C'est cette quadrature du cercle que vous êtes en train de tenter de réaliser. C'est du donquichottisme. C'est de tenter de faire croire à la population qu'il y a moyen qu'une chose soit noire et blanche en même temps, qu'on peut être uni et séparé en même temps. C'est ce discours confus que vous faites. C'est ce discours confus qui est refusé par la population. C'est ce discours confus qui ne vous permet pas d'avoir avec le fédéral des amorces de discussion menant à des avenues d'entente, parce qu'en fin de compte, si ces ententes sont de nature à établir que le fédéralisme canadien permet précisément ces aménagements, vous venez de perdre des munitions, vous venez de renoncer à utiliser des munitions qui vous sont absolument nécessaires pour atteindre votre but. Vous sachant intelligent ainsi que les gens qui vous entourent, vous ne ferez pas ces choses-là. Les gens qui sont de l'autre côté de la clôture vous voient venir aussi. Même si, de bonne foi, vous tentiez l'impossible, cette quadrature du cercle, il ne faut pas reprocher à l'autre partie, qui a

aussi son mot à dire, de s'imaginer à tort ou à raison que vous êtes en train de lui faire une entourloupette. Alors, tout cela mis ensemble, cela vous met dans une situation absolument insupportable qui n'est pas de nature à nous amener des résultats favorables à des arrangements permettant que la population en ait pour son compte.

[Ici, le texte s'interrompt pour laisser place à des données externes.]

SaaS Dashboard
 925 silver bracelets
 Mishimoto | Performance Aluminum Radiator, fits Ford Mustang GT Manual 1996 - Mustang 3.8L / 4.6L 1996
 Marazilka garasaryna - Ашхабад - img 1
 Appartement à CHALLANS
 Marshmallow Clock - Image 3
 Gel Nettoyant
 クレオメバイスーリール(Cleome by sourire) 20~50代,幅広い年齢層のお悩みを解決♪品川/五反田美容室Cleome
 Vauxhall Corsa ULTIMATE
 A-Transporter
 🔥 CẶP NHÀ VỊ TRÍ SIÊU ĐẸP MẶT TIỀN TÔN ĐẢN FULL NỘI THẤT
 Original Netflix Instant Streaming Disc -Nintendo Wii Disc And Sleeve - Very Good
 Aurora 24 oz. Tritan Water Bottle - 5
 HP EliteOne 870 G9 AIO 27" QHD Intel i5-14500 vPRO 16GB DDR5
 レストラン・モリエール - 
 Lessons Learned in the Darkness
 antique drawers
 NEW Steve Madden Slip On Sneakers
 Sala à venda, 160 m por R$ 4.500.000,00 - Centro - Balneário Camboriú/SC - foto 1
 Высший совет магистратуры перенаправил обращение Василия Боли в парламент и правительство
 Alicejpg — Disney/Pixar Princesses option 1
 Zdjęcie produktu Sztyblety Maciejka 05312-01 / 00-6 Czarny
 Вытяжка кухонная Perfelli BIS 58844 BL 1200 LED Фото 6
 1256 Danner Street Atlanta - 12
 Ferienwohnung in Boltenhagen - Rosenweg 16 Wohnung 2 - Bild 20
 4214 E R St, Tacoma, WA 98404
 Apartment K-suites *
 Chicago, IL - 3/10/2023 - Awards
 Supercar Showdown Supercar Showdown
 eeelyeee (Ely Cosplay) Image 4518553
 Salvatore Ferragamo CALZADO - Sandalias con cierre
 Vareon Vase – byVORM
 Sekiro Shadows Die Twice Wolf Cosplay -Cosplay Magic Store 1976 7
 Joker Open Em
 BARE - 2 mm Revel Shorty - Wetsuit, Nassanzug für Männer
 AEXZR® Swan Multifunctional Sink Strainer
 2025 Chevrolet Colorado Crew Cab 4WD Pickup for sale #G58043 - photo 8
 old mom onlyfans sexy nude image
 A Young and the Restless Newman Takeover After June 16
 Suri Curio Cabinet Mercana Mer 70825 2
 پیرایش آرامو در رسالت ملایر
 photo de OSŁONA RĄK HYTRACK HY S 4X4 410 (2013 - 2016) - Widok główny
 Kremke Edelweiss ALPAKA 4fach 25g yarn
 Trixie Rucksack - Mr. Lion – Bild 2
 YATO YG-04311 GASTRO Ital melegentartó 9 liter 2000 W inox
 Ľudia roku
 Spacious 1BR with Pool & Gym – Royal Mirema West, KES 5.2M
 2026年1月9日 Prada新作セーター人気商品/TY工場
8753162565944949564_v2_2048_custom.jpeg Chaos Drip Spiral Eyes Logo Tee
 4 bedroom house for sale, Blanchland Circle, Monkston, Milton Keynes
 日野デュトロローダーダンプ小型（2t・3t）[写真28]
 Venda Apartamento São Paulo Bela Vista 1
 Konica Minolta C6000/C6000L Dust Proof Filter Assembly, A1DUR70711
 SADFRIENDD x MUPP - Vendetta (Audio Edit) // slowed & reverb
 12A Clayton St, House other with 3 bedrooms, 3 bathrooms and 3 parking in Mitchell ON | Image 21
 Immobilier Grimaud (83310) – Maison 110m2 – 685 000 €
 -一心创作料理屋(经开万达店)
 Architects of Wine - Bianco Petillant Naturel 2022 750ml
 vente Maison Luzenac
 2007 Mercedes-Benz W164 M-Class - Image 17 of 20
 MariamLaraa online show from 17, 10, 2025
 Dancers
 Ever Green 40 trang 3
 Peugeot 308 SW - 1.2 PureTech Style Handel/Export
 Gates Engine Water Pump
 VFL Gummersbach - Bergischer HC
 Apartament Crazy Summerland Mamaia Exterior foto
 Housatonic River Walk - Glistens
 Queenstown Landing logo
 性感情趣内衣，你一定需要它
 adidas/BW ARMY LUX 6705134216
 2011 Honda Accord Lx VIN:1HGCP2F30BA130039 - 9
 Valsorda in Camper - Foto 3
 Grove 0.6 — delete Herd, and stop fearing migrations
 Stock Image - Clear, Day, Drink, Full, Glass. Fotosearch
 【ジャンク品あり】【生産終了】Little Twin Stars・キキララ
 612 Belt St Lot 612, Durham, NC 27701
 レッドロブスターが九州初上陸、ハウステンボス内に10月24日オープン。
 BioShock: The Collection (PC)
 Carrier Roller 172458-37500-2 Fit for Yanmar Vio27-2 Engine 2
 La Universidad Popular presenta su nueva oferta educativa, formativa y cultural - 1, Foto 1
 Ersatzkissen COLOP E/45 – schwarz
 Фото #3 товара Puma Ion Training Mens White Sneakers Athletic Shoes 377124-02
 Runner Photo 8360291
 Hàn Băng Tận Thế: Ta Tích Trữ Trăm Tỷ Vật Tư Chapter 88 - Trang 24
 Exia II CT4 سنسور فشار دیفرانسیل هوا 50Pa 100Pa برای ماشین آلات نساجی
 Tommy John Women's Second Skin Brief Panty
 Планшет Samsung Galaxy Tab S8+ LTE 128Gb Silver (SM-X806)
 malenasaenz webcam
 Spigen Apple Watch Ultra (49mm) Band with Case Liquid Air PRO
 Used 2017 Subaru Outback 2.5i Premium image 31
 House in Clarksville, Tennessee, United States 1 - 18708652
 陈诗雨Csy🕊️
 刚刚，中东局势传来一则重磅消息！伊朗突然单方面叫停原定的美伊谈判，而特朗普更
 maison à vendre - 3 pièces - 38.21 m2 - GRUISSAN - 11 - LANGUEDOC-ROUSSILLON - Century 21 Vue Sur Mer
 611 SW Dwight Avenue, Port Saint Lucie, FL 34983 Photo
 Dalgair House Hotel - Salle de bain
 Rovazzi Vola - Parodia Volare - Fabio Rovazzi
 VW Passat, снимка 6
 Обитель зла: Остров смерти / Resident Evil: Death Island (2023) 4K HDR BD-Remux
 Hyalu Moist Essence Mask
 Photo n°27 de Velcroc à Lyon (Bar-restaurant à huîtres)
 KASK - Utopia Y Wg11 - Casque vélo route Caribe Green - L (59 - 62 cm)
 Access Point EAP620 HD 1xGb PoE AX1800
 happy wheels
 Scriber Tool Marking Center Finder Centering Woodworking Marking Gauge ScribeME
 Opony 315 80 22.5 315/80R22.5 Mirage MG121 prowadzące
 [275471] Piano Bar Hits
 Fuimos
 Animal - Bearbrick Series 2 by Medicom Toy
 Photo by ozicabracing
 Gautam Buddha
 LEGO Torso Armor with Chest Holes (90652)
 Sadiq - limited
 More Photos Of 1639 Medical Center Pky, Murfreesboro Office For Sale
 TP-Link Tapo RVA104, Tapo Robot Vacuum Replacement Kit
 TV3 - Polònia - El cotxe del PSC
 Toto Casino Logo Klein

Nous pourrions en parler très longuement, M. le Président, mais je pense que nous avons pris suffisamment de temps pour les remarques préliminaires. Nous aurons l'occasion de poursuivre lors de l'étude des programmes et des éléments de programme, mais je voulais tout simplement dire ces quelques mots en espérant que, sur les choses pratiques, les choses nécessaires, les choses établies comme étant des services réels à la population, nous en viendrons, M. le ministre, vous et moi ainsi que tous les gens de la commission, très rapidement à des ententes pour que, dans le meilleur des mondes, on puisse s'organiser pour que la population ait les services pour lesquels elle paie.

Le Président (M. French): Merci, M. le député. Le président serait lui aussi très tenté d'intervenir, mais je me suis fait brasser la cage. Le député de Mille-Îles également. Je veux bien me retenir et j'espère qu'il va partager ce choix avec moi la semaine prochaine, justement. Donc, on se voit, si l'Assemblée nationale le veut bien, à 20 heures, mardi soir. D'ici là, la commission de la culture ajourne ses travaux sine die. Je demanderais qu'on garde les microphones ouverts, mais qu'on cesse l'enregistrement puisqu'on aura une brève séance de travail ici pour la commission. Messieurs et mesdames les fonctionnaires, je vous remercie.